▶ What the task asks: Please give every line below again exactly, but not its pictures.

▶ Collected data:
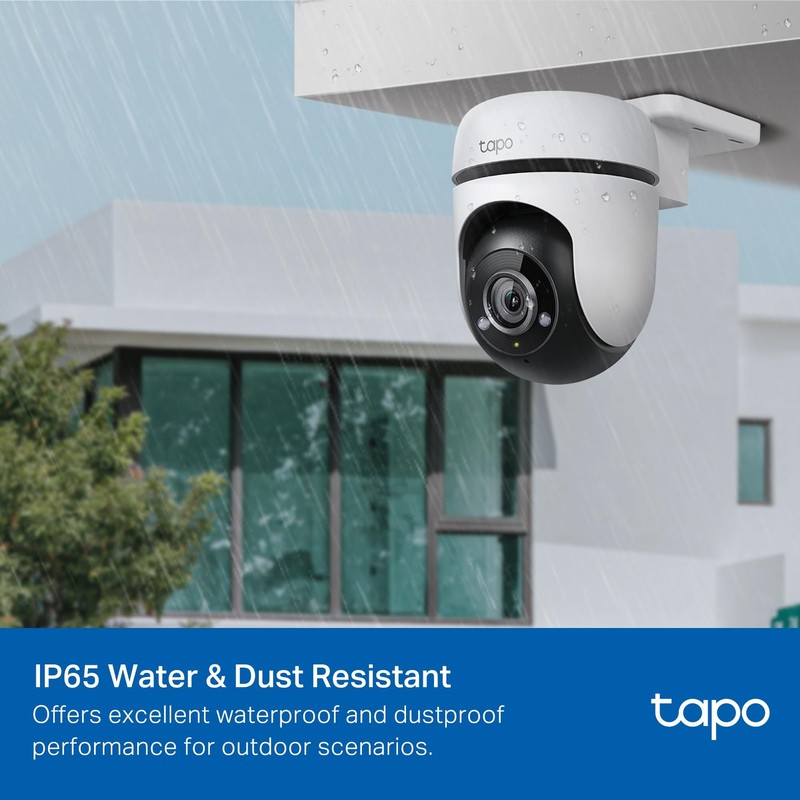 Tapo 1080P Outdoor Wired Pan/Tilt Security Wi-Fi Camera, 360° View, White gallery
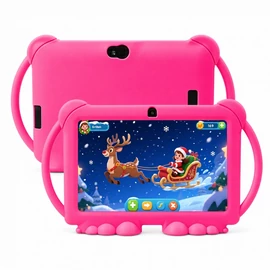 Gyerek tablet Android 14 rendszerrel 4 GB RAM + 32 GB tárhellyel, leejtésálló tokkal – Rózsaszín RE10587209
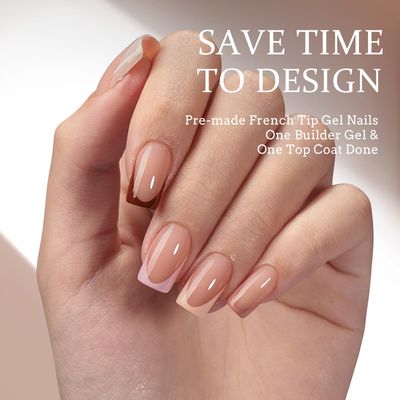 BTArtboxnails XCOATTIPS French Gel Nails - Skin Tones French Tip Press on Nails, Short Square Nail Tips with Nail Gel, French Protecting Duo, Nail Lamp, All in One Fake Nail Valentines Day Gift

▶ Solved problem:
 Tapo 1080P Outdoor Wired Pan/Tilt Security Wi-Fi Camera, 360° View, White gallery
 Gyerek tablet Android 14 rendszerrel 4 GB RAM + 32 GB tárhellyel, leejtésálló tokkal – Rózsaszín RE10587209
 BTArtboxnails XCOATTIPS French Gel Nails - Skin Tones French Tip Press on Nails, Short Square Nail Tips with Nail Gel, French Protecting Duo, Nail Lamp, All in One Fake Nail Valentines Day Gift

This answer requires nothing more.